The Phaltan assembly segment is part of Madha Lok Sabha constituency, which Pawar represented from 2009 to 2014. NCP’s Vijaysinh Mohite Patil represented it in the last Lok Sabha.
Pawar, “Saheb” to his party workers, whose word was always the final say, must have felt the ground shift beneath his feet. This would have been unthinkable for one often hailed as “the Maratha strongman”.
On 11 March, Pawar declared that he would not contest from Madha. He has been saying this since he became a Rajya Sabha member nearly four years ago. With 14 Lok Sabha and assembly election victories, some with record margins over his rivals, he had had enough. But he changed his mind in February this year, and was agreeable to contesting, perhaps in the hope that a Lok Sabha seat would better his chances in New Delhi. This week, he took himself out of the LS race again. This was not vintage Pawar.
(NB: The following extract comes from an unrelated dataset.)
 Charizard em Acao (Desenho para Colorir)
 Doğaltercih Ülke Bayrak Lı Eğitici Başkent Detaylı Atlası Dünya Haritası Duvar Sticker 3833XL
He had thrown his hat in the ring in the wake of Rajiv Gandhi’s assassination in May 1991, but PV Narasimha Rao had better support. In the political turbulence and coalition governments of the 90s, Pawar alternately maneuvered and bid his time. By 1998, the Congress was in disarray. Pawar sought to side-line the then party president Sitaram Kesri and aim for his dream job. But loyalists had by then prevailed upon Sonia Gandhi to take over the reins.
It infuriated Pawar that he would have to “bend in front of another Gandhi”, a dynast without political experience. He challenged her tentative leadership of the party with a coordinated revolt in the Congress Working Committee in April 1999, using her Italian origins as the basis. An ugly battle followed; he was expelled.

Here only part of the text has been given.